Depois, a questão das hortaliças, outra confusão para quem quer recolher a cozinha angolana. Em pratos completos, cozidos, como o calulu, o que entra é a folha de batata doce, e, tanto quanto apurei, apenas no calulu. Não a temos cá e, talvez por isto, algumas receitas, como as de HS, indicam como hortaliça o espinafre. Não vou por aí. Habituado de criança a uma magnífica hortaliça cá não muito usada, aconselho a nabiça. Ou então, mas mais difícil de obter, o espinafre selvagem alentejano. Melhor ainda, mas ainda mais difícil, o excelentemente amargo agrião da terra, açoriano.
Diferente é o uso de outra folha, a de mandioca, a quizaca ou saka-saka. Novamente, discordância com HS, que chama quizaca a um banal esparregado de espinafres. Quizaca genuina, de folha de mandioca, pode-se comprar, em lata, em qualquer hipermercado. Tradicionalmente, só é usada para esparregado, feito com óleo de palma, alho, sal e gindungo. A minha mulher faz uma ótima quizaca simplesmente com camarão escaldado, descascado e acabando de fazer salteado em óleo de palma (azeite não é coisa de cozinha angolana nem micaelense).
Faltou-me falar de um terceiro tipo de “base culinária” angolana, o simples caldo em que tudo pode ser feito. É, por exemplo, o menhandungo, que, em quimbundo, quer mesmo dizer “água com picante”.  É o que provavelmente, com outra grafia, HS chama melhadungo. Aqui vai.
3 c. sopa de azeite, 3 cebolas, 3 dentes de alho. Vinagre, sal e gindungo. Numa panela, juntar o azeite, a cebola às rodelas, o alho picado, e 1 l de água. Quando a cebola estiver cozida, juntar o “conduto”, a cozer mais. Acrescentar o vinagre a gosto (2-3 c. sopa). Temperar com sal e gindungo. O “conduto” é o que calha: peixe, frango, chouriço, caça.
Quanto ao peixe, tradicionalmente o cacusso, um peixe pequeno que aqui pode ser substituído por sargo, dourada, peixe galo ou qualquer peixe pequeno de pele vermelha. Em Angola, era usado seco, limpo de escamas, grelhado e desmanchados aos pedaços.
P. S. - Ó malta do forró, que tal encarregarem-me (à borla, prometo) de um menu angolano em próxima festa? Em troca, aceitação de um petisco açoriano, em intercâmbio gastronómico.

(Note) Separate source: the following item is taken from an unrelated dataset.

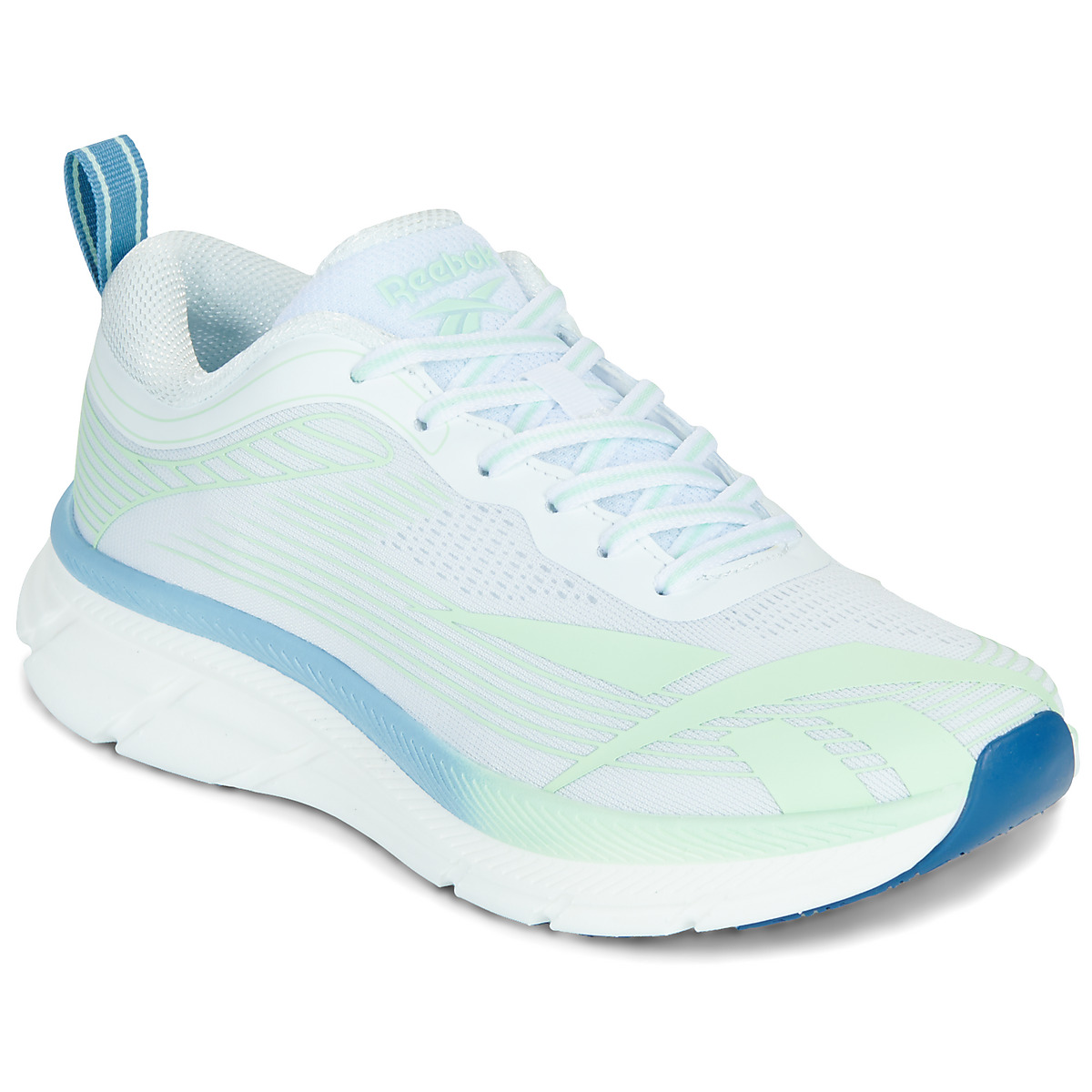 Reebok Sport - REEBOK ROAD STRIDER - White / Blue / Green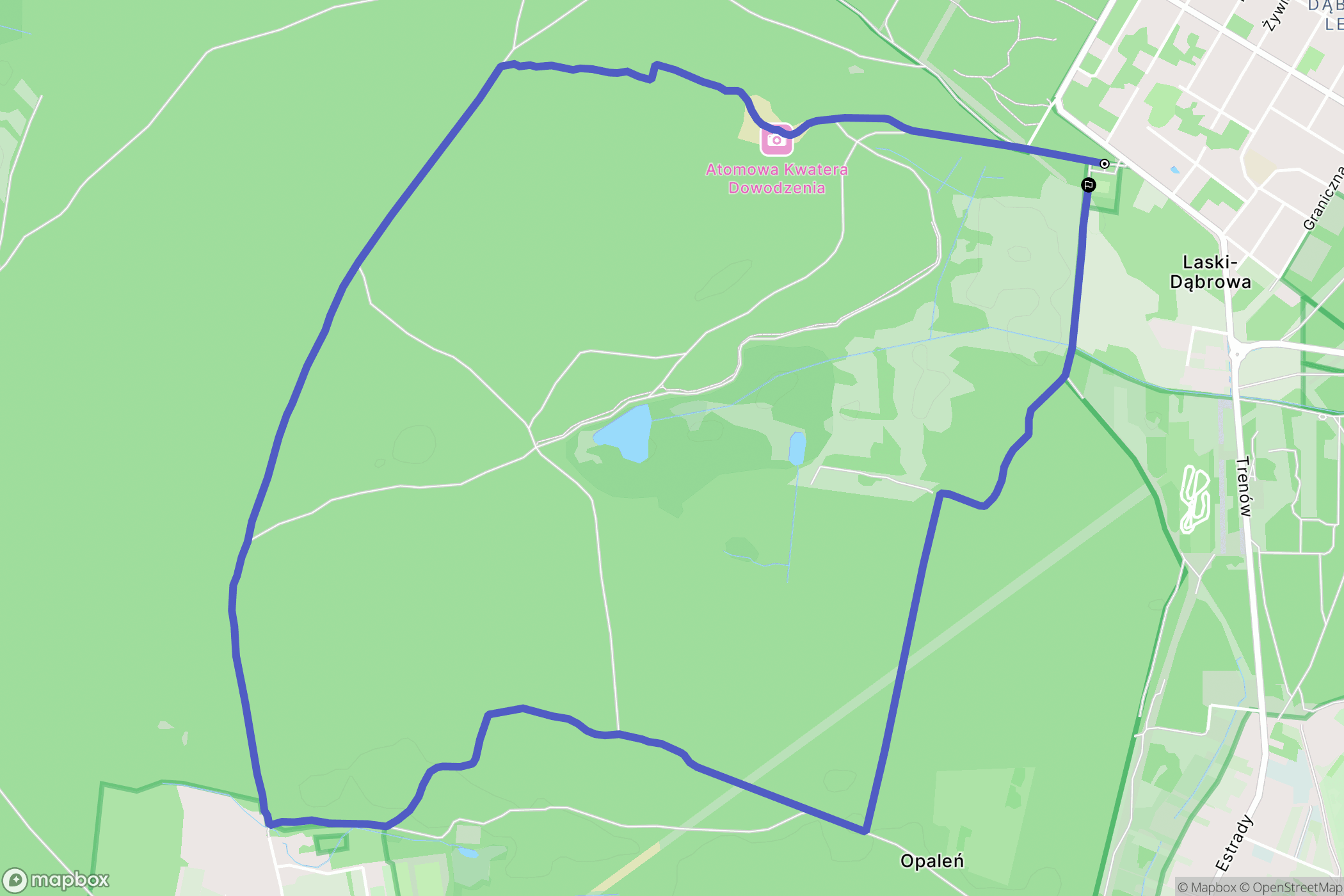 Łomianki: mapa trasy - Poland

P. S. 2 (14.3.2011) - Escreve-me um amigo português casado com uma angolana: "A gimboa é uma erva daninha abundante em Portugal, mas que a quase totalidade das pessoas desconhece ser comestível. Mesmo nas aldeias, com o morte dos mais idosos, já ninguém conhece as ervas comestíveis. Na minha terra, na Beira Baixa, a dita gimboa também se come, mas apenas as folhas mais tenras, os rebentos, rejeitando-se todas as folhas da base em que os caules já apresentam tons avermelhados. Claro que o nome porque é conhecida não é gimboa, mas sim BRÊDOS."

1 comentário:

  1. Mweu caro, só agora encontrei este seu artigo, mas para mim gimboa é a rama da batata doce e não uma erva daninha. Assim poderá ser na terra desse senhor mas não na Angola que eu conheço.